Midweek Musings: Normcore

Wednesday, March 5, 2014

What would the Chanel girl wear to the supermarket?

Between the recent internet explosion promoting the poshness of suburban clothing and yesterday's Chanel couture show held at a constructed supermarket, the abundance of sneakers and chic sweatpants sweeping the closets of hipsters and fashionistas alike has me wondering what came first: Lagerfeld or normcore?

In fact, much of the internet has exploded over the idea of normcore so much so that the interweb's multifaceted fingers have misconstrued the true definition. (lol, don't you love the personification of the internet --- as if it were one big basic hand typing away at a Mac) In fact, according to K-Hole, the New York trend forecasting group that coined the term, normcore does not necessarily promote dressing like Jerry Seinfeld or a lost tourist, rather "#normcore means you pursue every activity like you're a fanatic of the form." Normcore is not so much a fashion phenomenon as it is social branding. Normcore comes from the idea of youth mode, (also defined by K-Hole) which refers to the equality of youth to freedom. Being in youth mode means you are "engaged with newness," "changeable," and "free." Normcore makes use of this freedom to refute the modern American dream of growing up to be an individual. Looking forward, American youth will be born individuals and grow up to fit in. Normcore asserts that as a society that has been so focused on standing out, we are reverting back to fitting in. Remember when only a few posh people owned an iPhone? I do. According to K-Hole, "normcore doesn't want the freedom to become someone. Normcore wants the freedom to be with anyone."

So how does normcore relate to fashion, and more importantly, Karl and Chanel?

In the most democratic sense, normcore from a fashion perspective means dressing reasonably for the activity at hand.
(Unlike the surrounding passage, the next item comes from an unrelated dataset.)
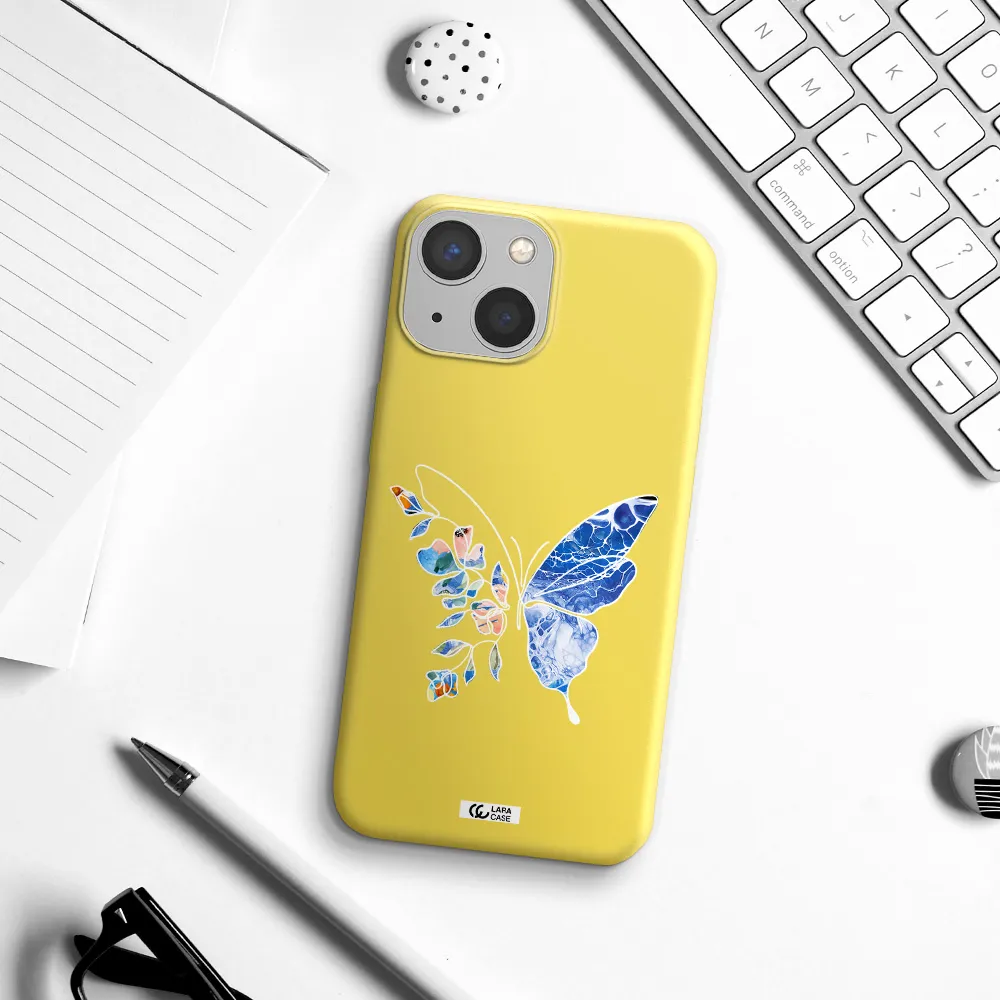 Line Butterfly Apple iPhone 13 Silicone canary yellow Case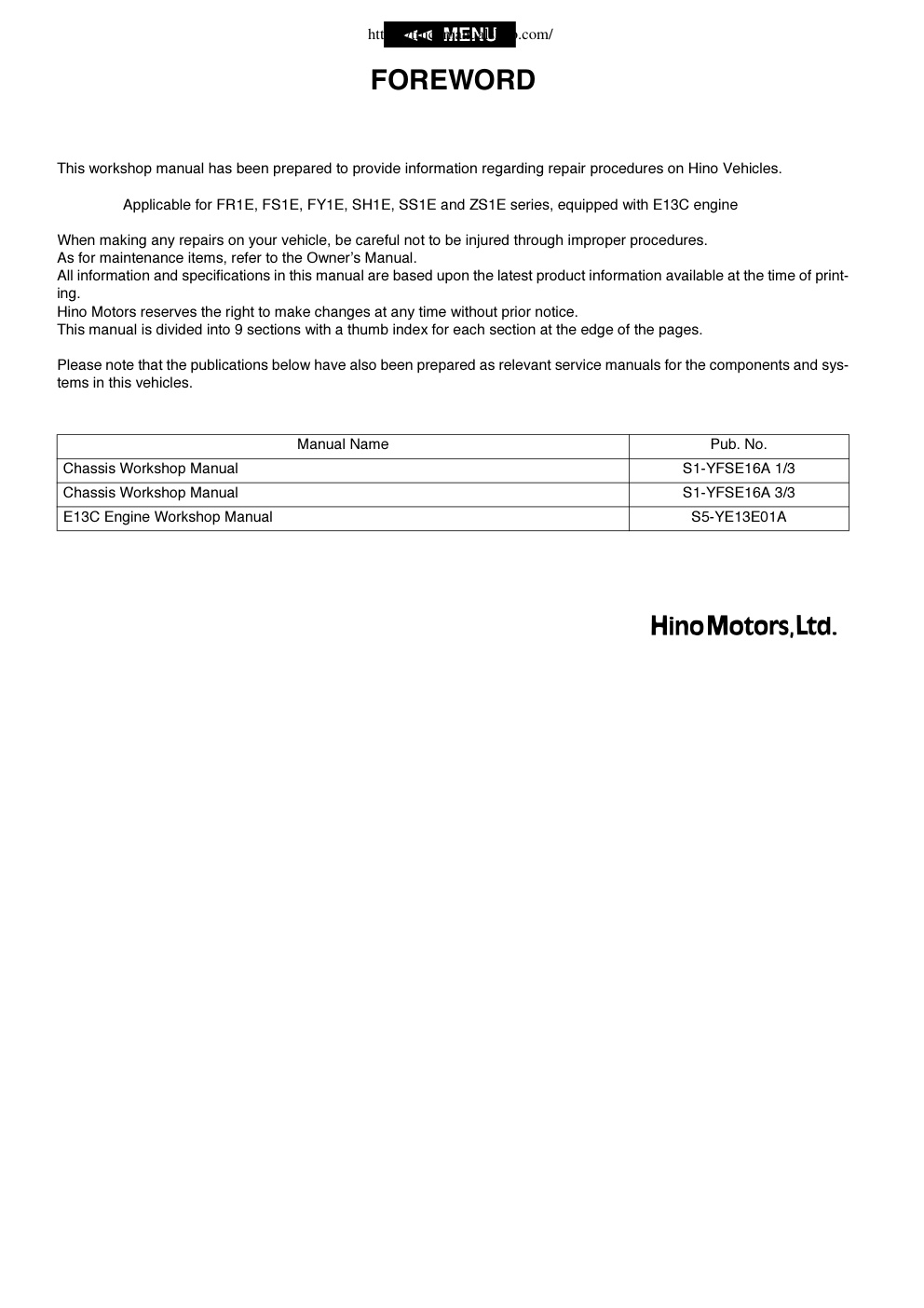 Première page de Hino 700 Brake Direction Suspension Workshop Manual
Normcore is more than the baseball hat+Patagonia pullover+Nike trainers combination that has the interweb buzzin'. Normcore is about wearing a Georgia jersey to a Georgia football game. It's about wearing yoga pants and a racerback walking to 5 Points Yoga. It's wearing that baseball hat and pullover to the grocery store where that outfit combo belongs...

Lagerfeld precisely nailed this concept (it is unsure whether he meant to follow up the normcore trend, though Style.com calls the show "a piece of conceptual art" and "a critique of pop culture") in his Fall 2014 RTW show in Paris. The constructed supermarket I mentioned above was complete with Chanel brand everything. Chanel brand milk for your cereal and Chanel brand cotton swabs for removing Chanel brand nail polish from your typing fingers were all on sale for the models sashaying through the aisles. The show took couture week by storm because of the initial set of the show, but really took off when models appeared wearing sneakers. SNEAKERS. Each model's footwear was surprisingly everyday, and in fact, not a heel was seen during the entire show. Said Lagerfeld: "if you want to look really ridiculous, you go in stilettos in [sic] a supermarket." Isn't this very idea presented by the Chanel creative head the definition of normcore? You don't go to the supermarket in stilettos because you don't care about standing out. It's not quite a refute of individualism, rather a decidedly pertinent goal to be comfortable and normal looking whilst shopping for milk and cotton swabs.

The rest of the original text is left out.